> _DESCRIPTION OF THE TASK_
The lines to be extracted begin at the line containing "11oz Ceramic Mug" and end at the last line of the data below; copy them exactly and leave out the pictures.

---------- RECORDS FOR THE EXERCISE

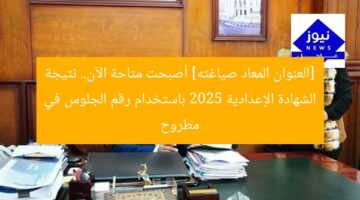 [العنوان المعاد صياغته] أصبحت متاحة الآن.. نتيجة الشهادة الإعدادية 2025 باستخدام رقم الجلوس في مطروح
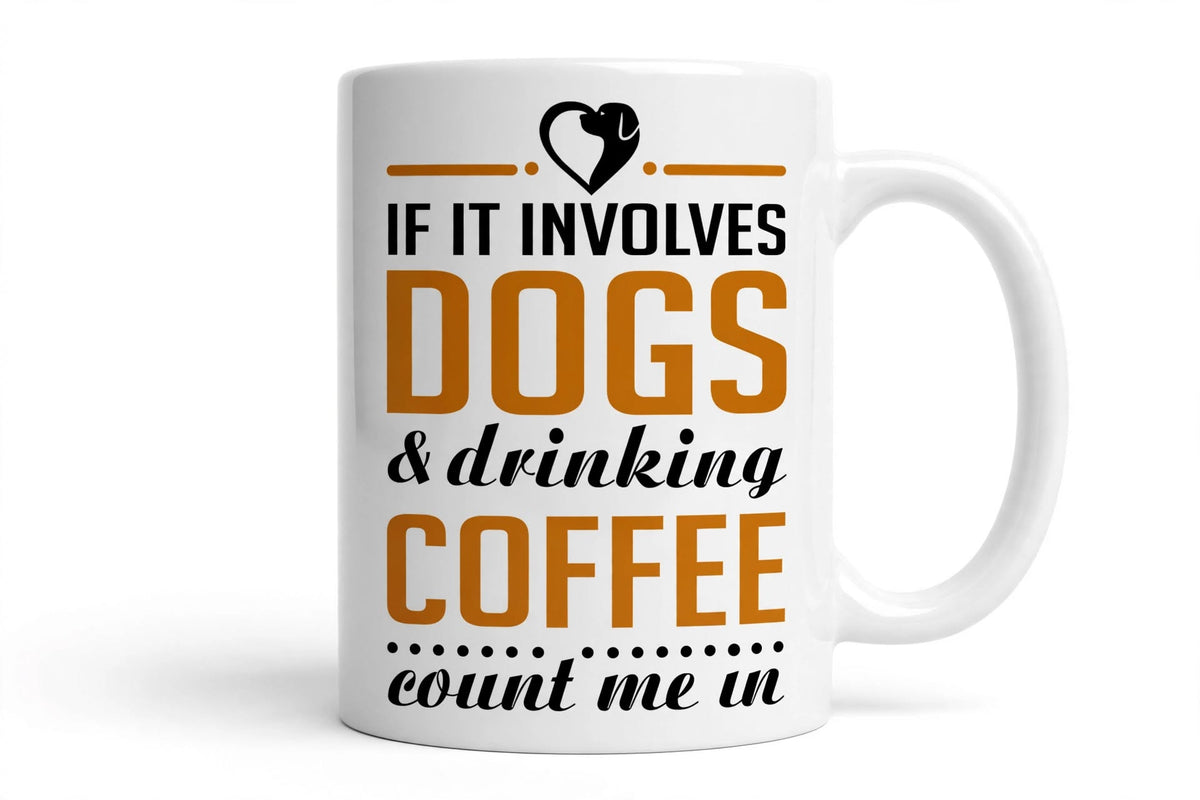 "If It Involves Dogs & Drinking Coffee" 11oz Ceramic Mug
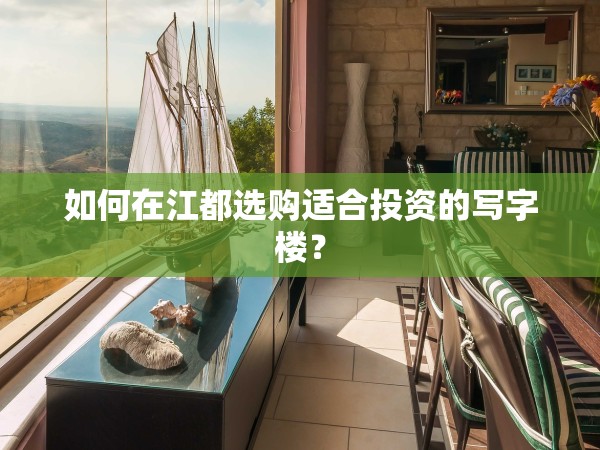 如何在江都選購(gòu)適合投資的寫(xiě)字樓？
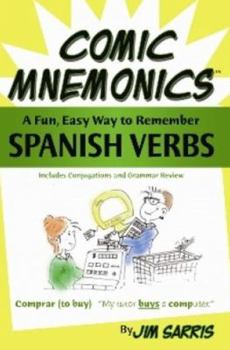 Paperback Comic Mnemonics: A Fun, Easy Way to Remember Spanish Verbs [Spanish] Book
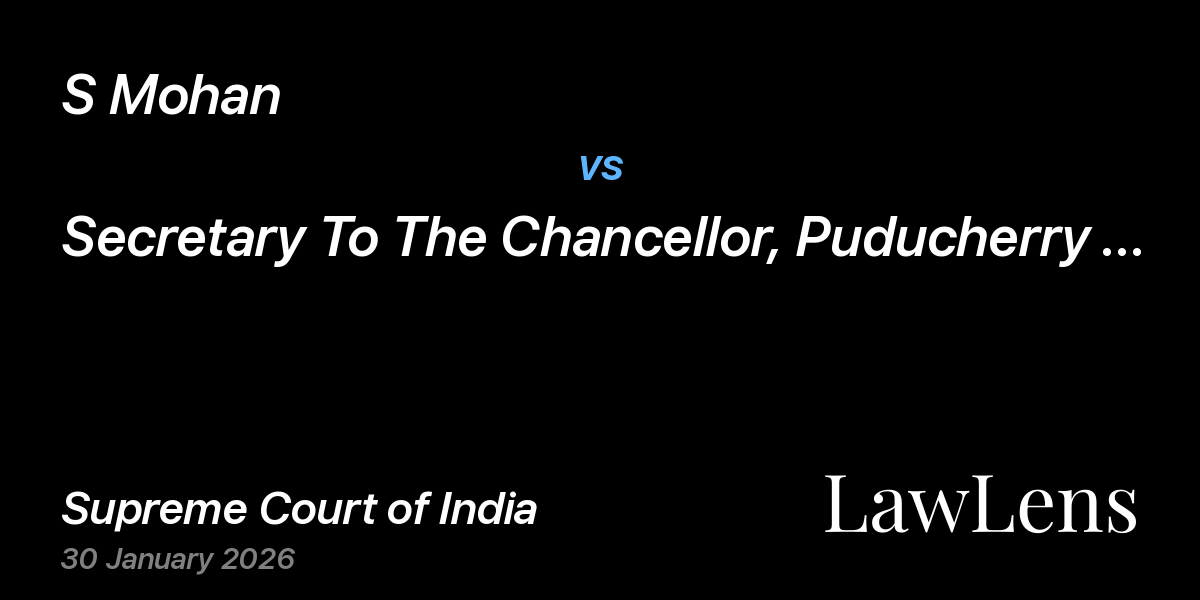 Preview image for S Mohan vs. Secretary To The Chancellor, Puducherry Technological University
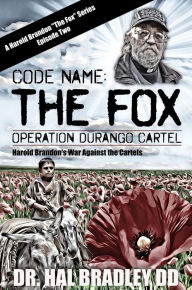 Title: CODE NAME: THE FOX 2: Operation Durango Cartel, Author: Dr. Hal Bradley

--------------------

> _EXPECTED ANSWER_
 "If It Involves Dogs & Drinking Coffee" 11oz Ceramic Mug
 如何在江都選購(gòu)適合投資的寫(xiě)字樓？
 Paperback Comic Mnemonics: A Fun, Easy Way to Remember Spanish Verbs [Spanish] Book
 Preview image for S Mohan vs. Secretary To The Chancellor, Puducherry Technological University
 Title: CODE NAME: THE FOX 2: Operation Durango Cartel, Author: Dr. Hal Bradley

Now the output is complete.